··· DATA SHOWN

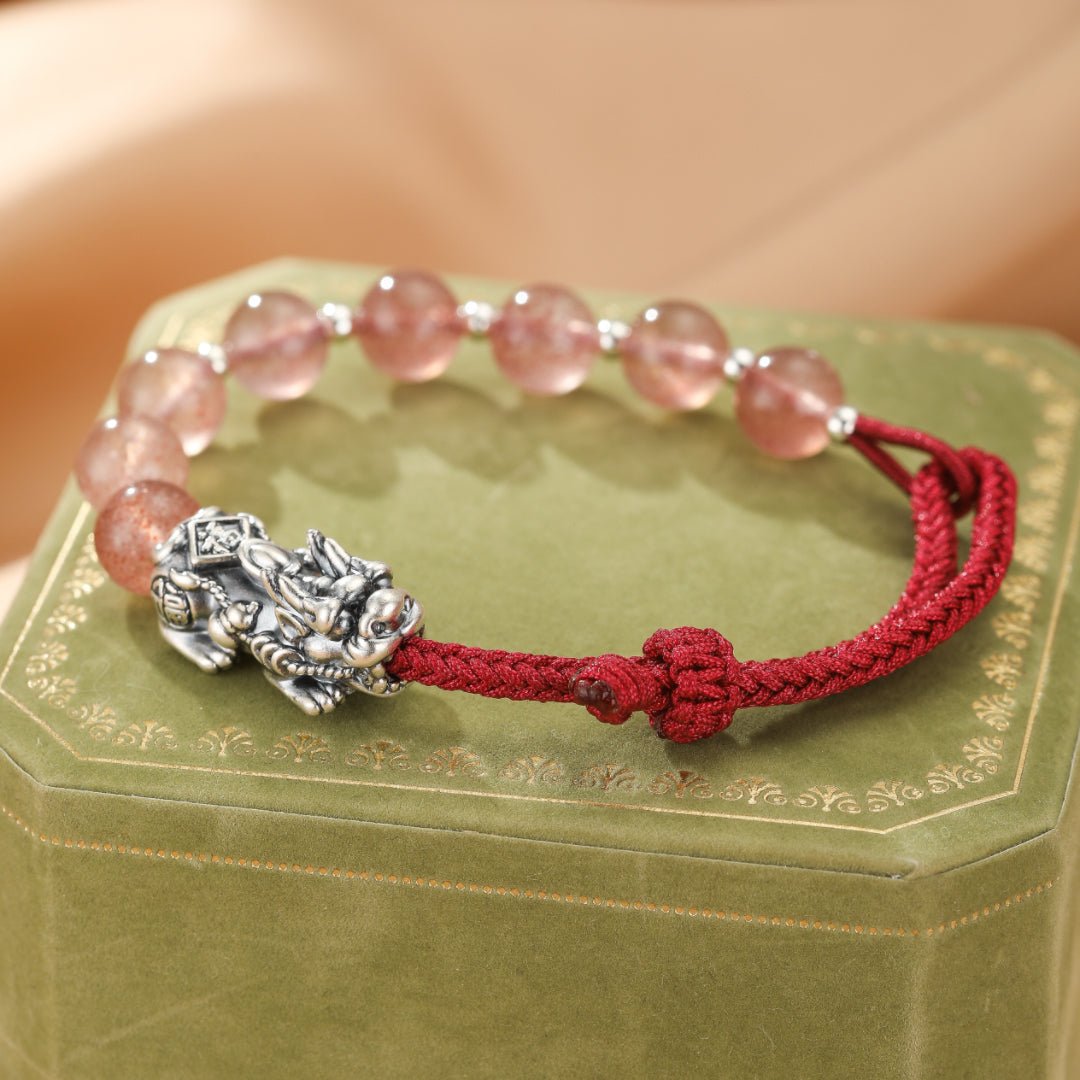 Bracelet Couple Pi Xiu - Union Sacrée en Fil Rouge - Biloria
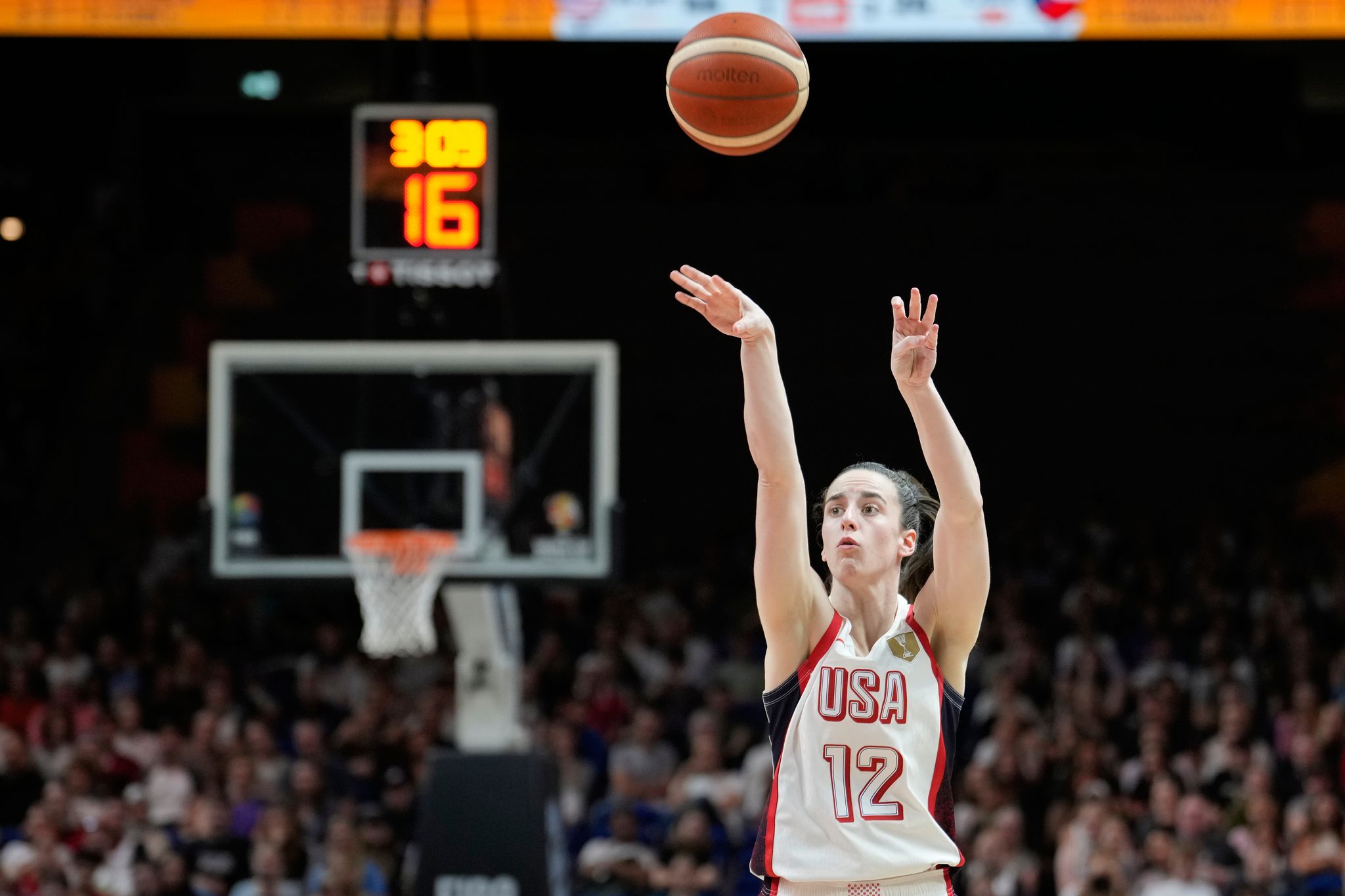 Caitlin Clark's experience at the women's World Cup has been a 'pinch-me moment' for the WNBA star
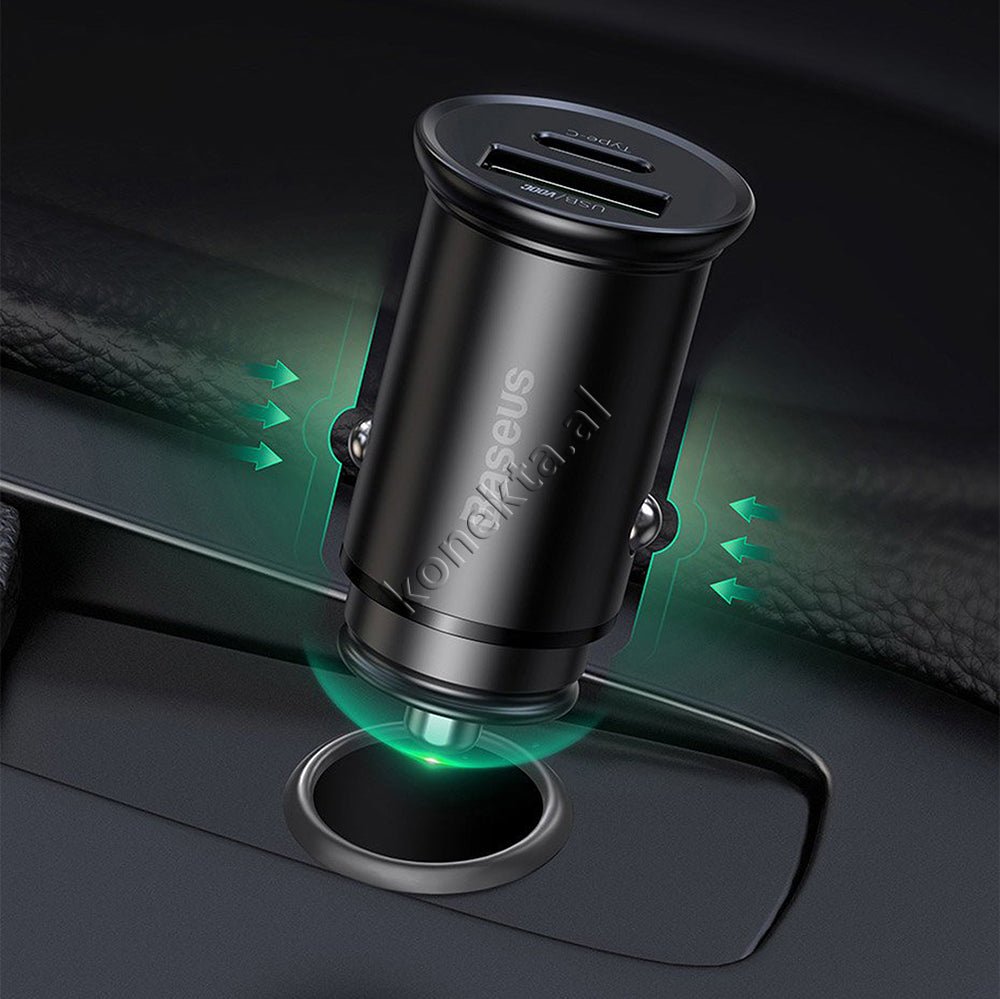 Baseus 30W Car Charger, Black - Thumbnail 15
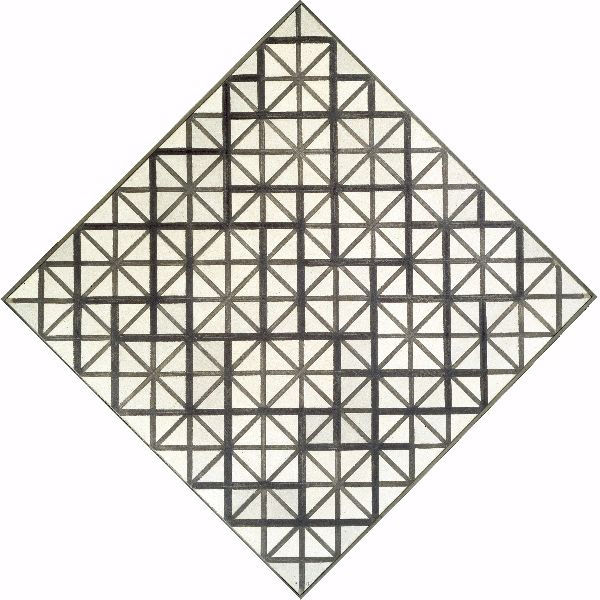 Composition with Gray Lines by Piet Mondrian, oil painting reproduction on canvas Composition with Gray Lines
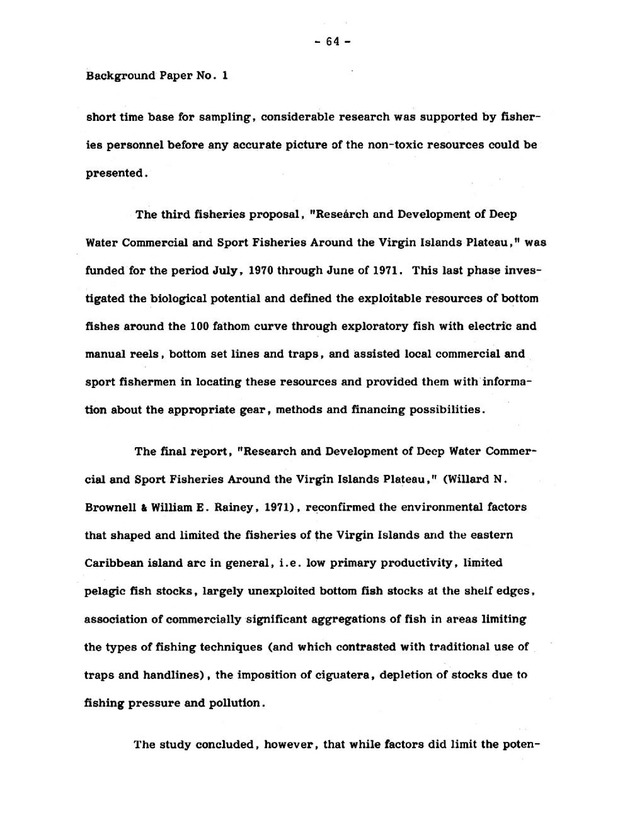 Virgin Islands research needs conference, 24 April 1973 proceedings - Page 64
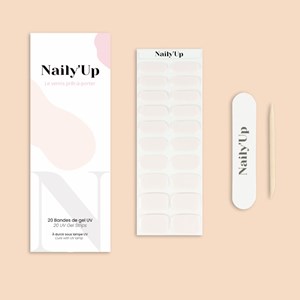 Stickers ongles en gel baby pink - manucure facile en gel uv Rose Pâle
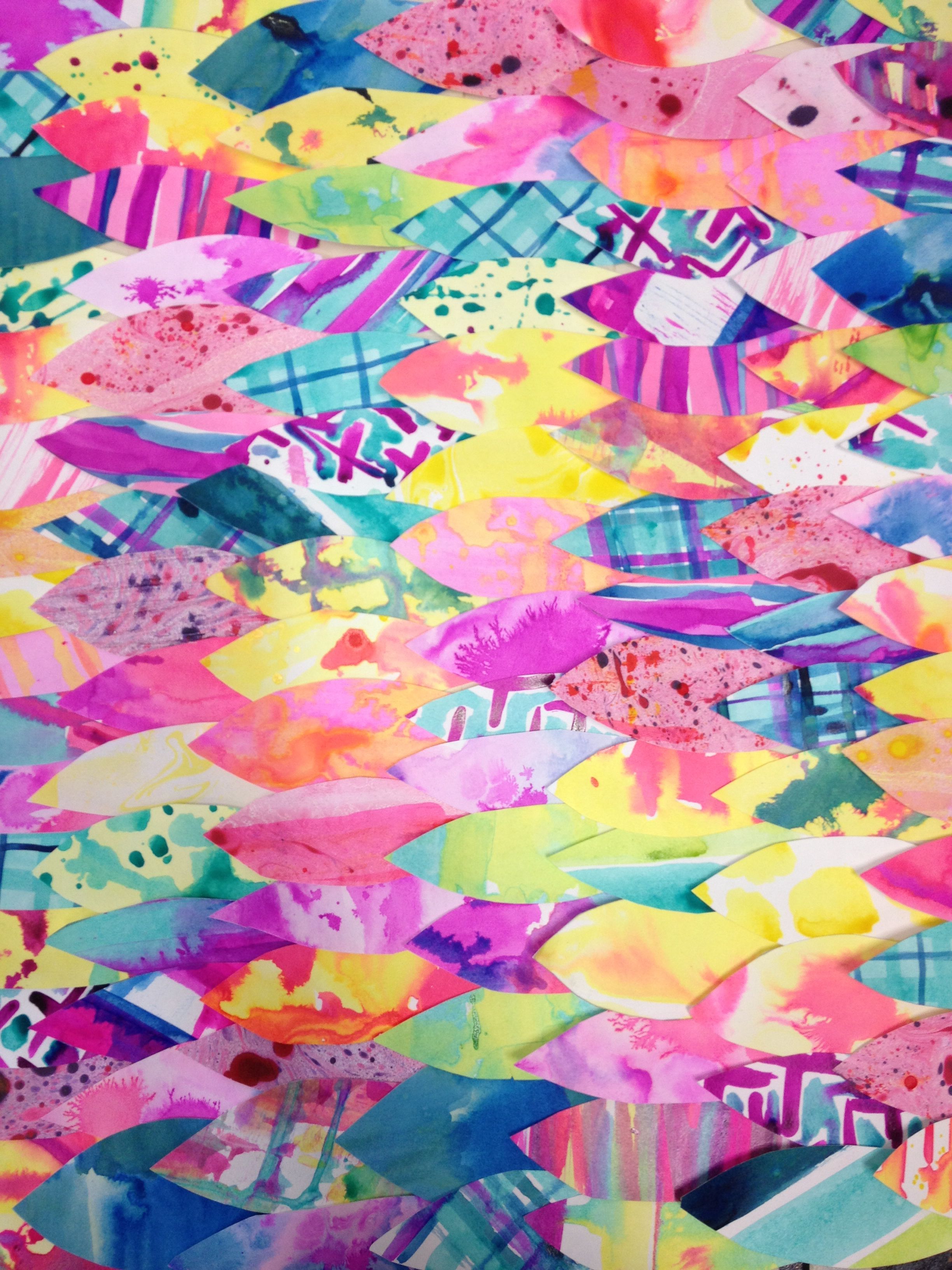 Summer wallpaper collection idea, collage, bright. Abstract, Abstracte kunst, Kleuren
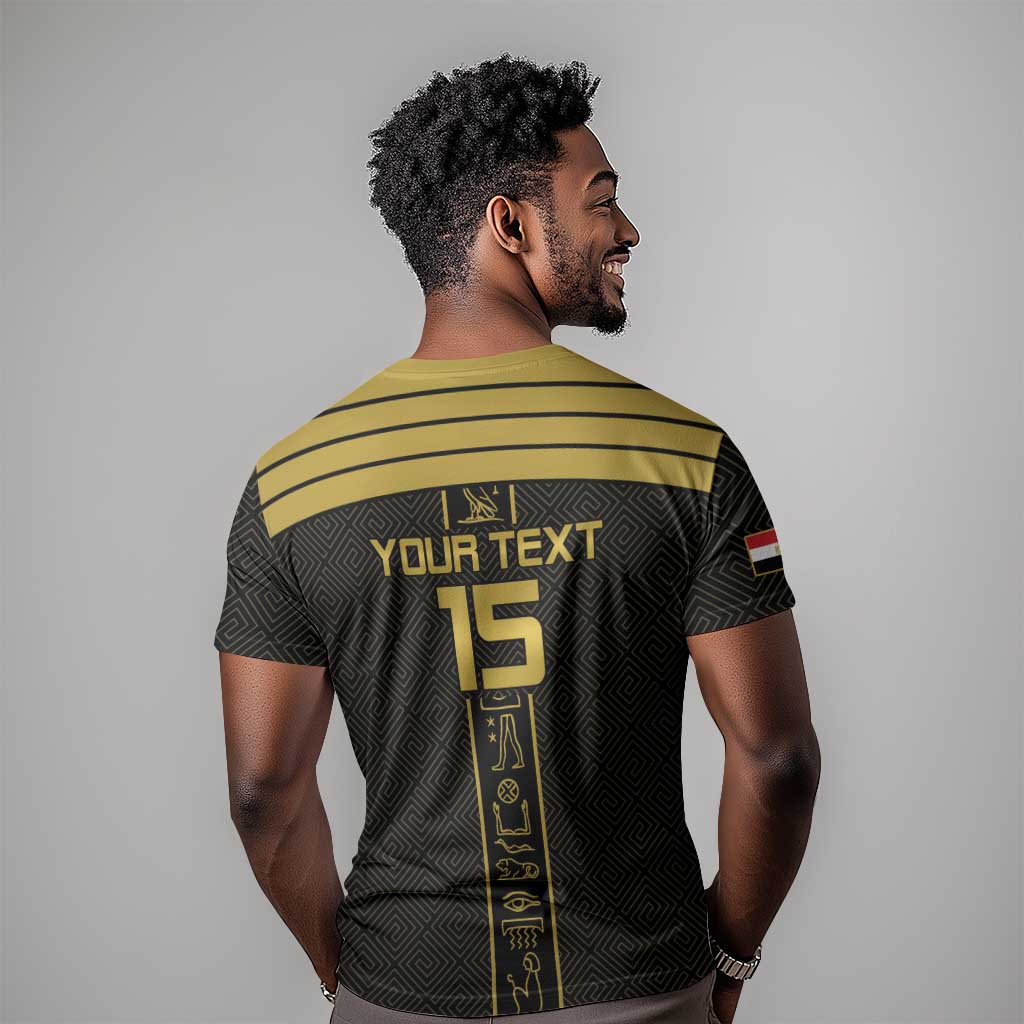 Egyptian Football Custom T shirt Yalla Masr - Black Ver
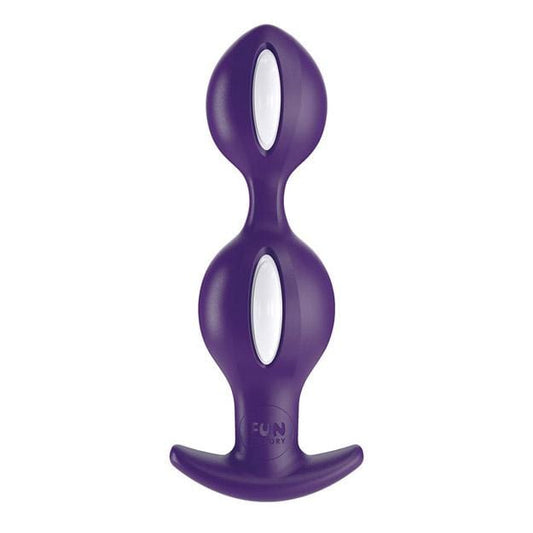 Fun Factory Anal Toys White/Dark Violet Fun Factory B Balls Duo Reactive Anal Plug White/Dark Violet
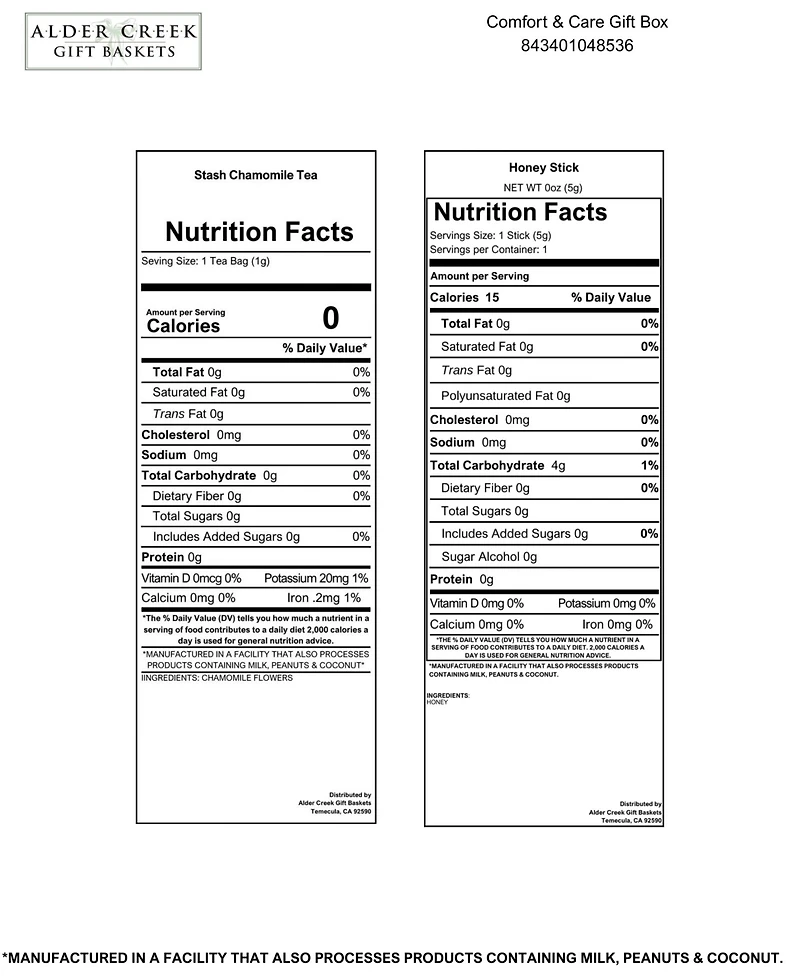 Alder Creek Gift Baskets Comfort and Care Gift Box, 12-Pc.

······

PROBLEM DESCRIPTION ▸
The whole listing should be printed again exactly as written, images excluded.

YOUR SOLUTION ▸
 Bracelet Couple Pi Xiu - Union Sacrée en Fil Rouge - Biloria
 Caitlin Clark's experience at the women's World Cup has been a 'pinch-me moment' for the WNBA star
 Baseus 30W Car Charger, Black - Thumbnail 15
 Composition with Gray Lines by Piet Mondrian, oil painting reproduction on canvas Composition with Gray Lines
 Virgin Islands research needs conference, 24 April 1973 proceedings - Page 64
 Stickers ongles en gel baby pink - manucure facile en gel uv Rose Pâle
 Summer wallpaper collection idea, collage, bright. Abstract, Abstracte kunst, Kleuren
 Egyptian Football Custom T shirt Yalla Masr - Black Ver
 Fun Factory Anal Toys White/Dark Violet Fun Factory B Balls Duo Reactive Anal Plug White/Dark Violet
 Alder Creek Gift Baskets Comfort and Care Gift Box, 12-Pc.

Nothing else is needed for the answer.